Nonprofit hospitals' CEO retention tactics: Lown

As healthcare CEO compensation continues to rise, nonprofit hospitals are turning to alternative methods to remain competitive, according to an April 24 blog post from the Lown Institute. 

Since nonprofit hospitals do not offer stock options like their for-profit peers, they are finding other ways to attract executives — and retain them despite frequent turnover. Common strategies include housing bonuses and supplemental executive retirement plans, or SERPs, according to Judith Garber, a senior policy analyst at the Lown Institute. 

"Hospital boards consider how much to pay CEOs and how to structure their compensation plans based on comparisons with other peer hospitals," Ms. Garber said. "As hospitals pay their CEOs more, it creates an upward spiral in which this raises the threshold that other hospitals have to match." 

Vikas Saini, MD, president of the Lown Institute, recently noted that board composition has influenced CEO pay to remain competitive. Hospitals have been tapping more board members from the private sector who "are oriented to the bottom line" and "think about [hospitals] like a regular business," Dr. Saini told the Fresno Bee.

High CEO compensation packages have been criticized by lawmakers and the public; recently, Valley Children's Healthcare in Madera, Calif., opted to provide 24-hour security at President and CEO Todd Suntrapak's home after his paycheck came under fire. Mr. Suntrapak was paid $5.1 million in the fiscal year ending 2022 and $5.5 million in 2021, with the majority of his pay coming from bonuses.

Mr. Suntrapak also received a $5 million "loan for residence in lieu of other compensation," the Bee reported. The chair of Valley Children's board of trustees defended the perk to the Fresno City Council, writing that these loans are "not at all unusual as a retention tool." Other health systems, including Norman (Okla.) Regional Hospital Authority and Kettering (Ohio) Health Network, have also enabled home purchases for their CEOs, according to the Lown Institute.

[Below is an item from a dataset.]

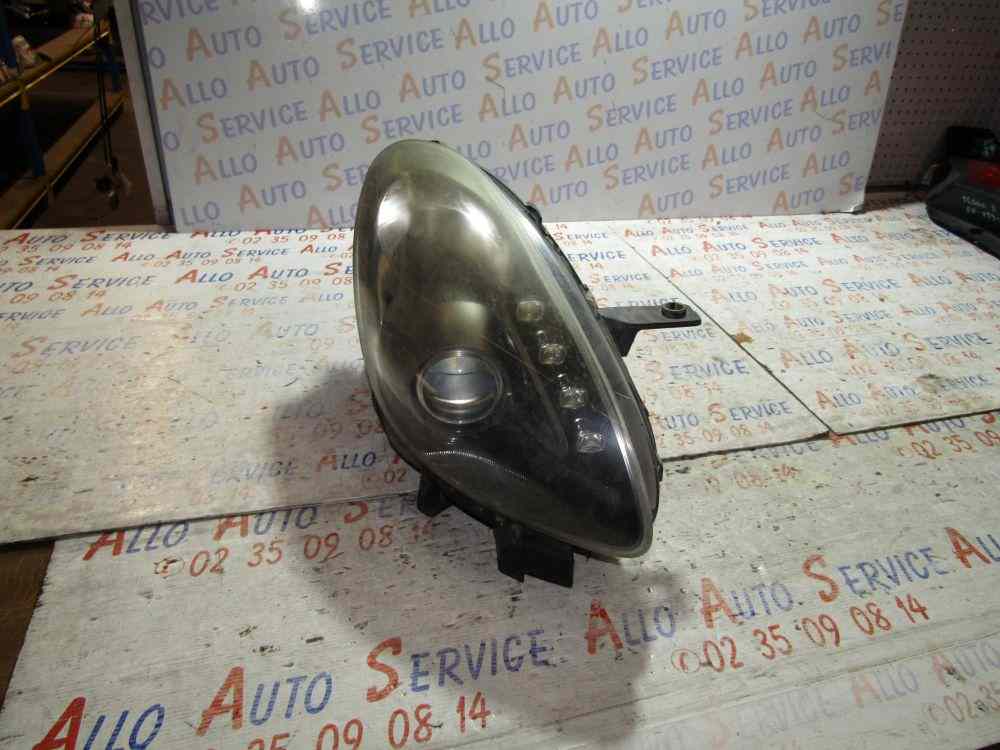 Optique Droit

ALFA-ROMEO giulietta 2 ph1


"In the for-profit world, in the big corporate world and Wall Street, this is sort of standard practice" and "a remarkably attractive perk," Dr. Saini said. 

SERPs — deferred, non-qualified compensation plans, often paid out in a lump sum once an executive is vested — are also being used as C-level retention tools. The mature plans provide substantial payouts for executives; the CEO of Norfolk, Va.-based Sentara Health received $33 million in 2021, most of which was from the payout of his SERP, Ms. Garber reported. The CEO of Danbury, Conn.-based Nuvance Health received $23 million from his SERP the same year. 

As nonprofit hospitals continue competing for executive talent — "not only with other nonprofits, but with for-profit hospitals as well" — CEO pay and perks will be pushed "into a higher realm," Ms. Garber said.